Copy the data that follows exactly, and include none of its images.

## Recorded information
────────

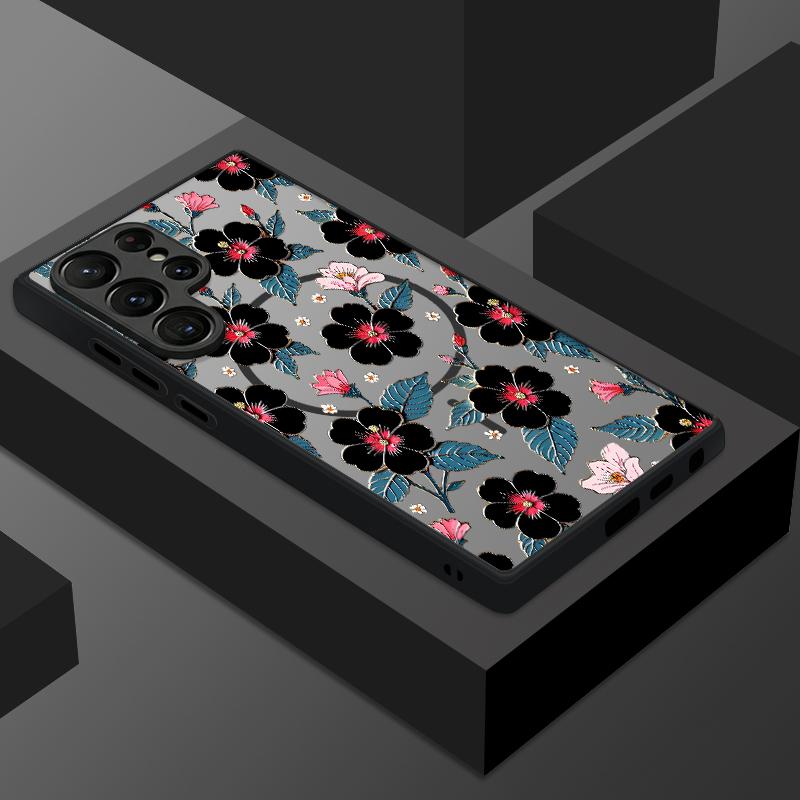 Magnetic For Magsafe Case For Samsung Galaxy S26 Ultra S25 Edge S24 S23 S22 Plus S21 FE Floral Pattern Hybrid Matte Cover
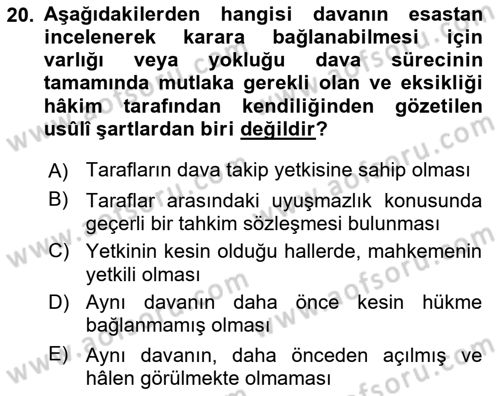 Medeni Usul Hukuku Dersi 2019 - 2020 Yılı (Vize) Ara Sınav Soruları 20. Soru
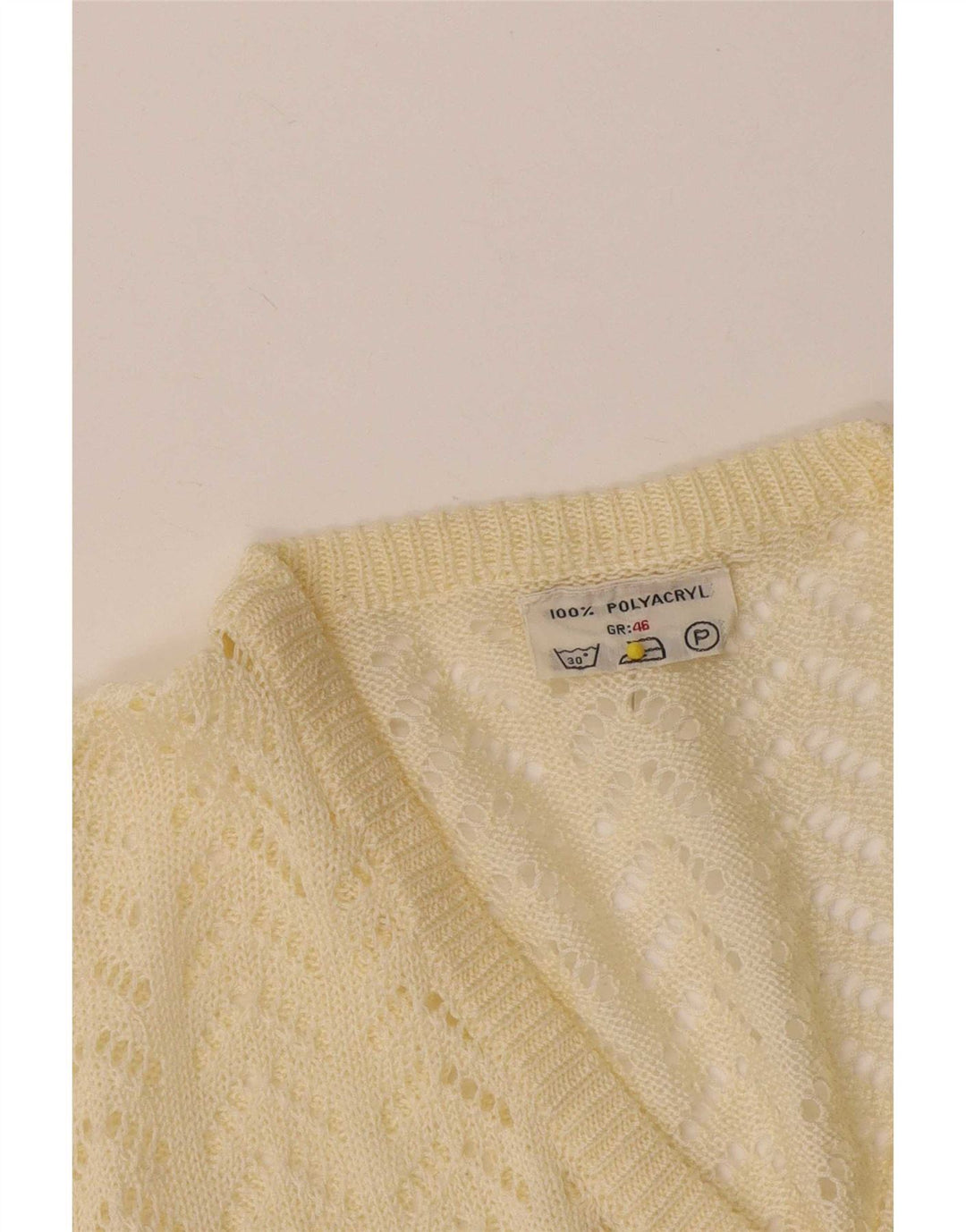 Vintage Womens V-Neck Jumper Sweater IT 46 Large Yellow Polyacrylic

────────

## Exercise answer
 Magnetic For Magsafe Case For Samsung Galaxy S26 Ultra S25 Edge S24 S23 S22 Plus S21 FE Floral Pattern Hybrid Matte Cover
 Medeni Usul Hukuku Dersi 2019 - 2020 Yılı (Vize) Ara Sınav Soruları 20. Soru
 Vintage Womens V-Neck Jumper Sweater IT 46 Large Yellow Polyacrylic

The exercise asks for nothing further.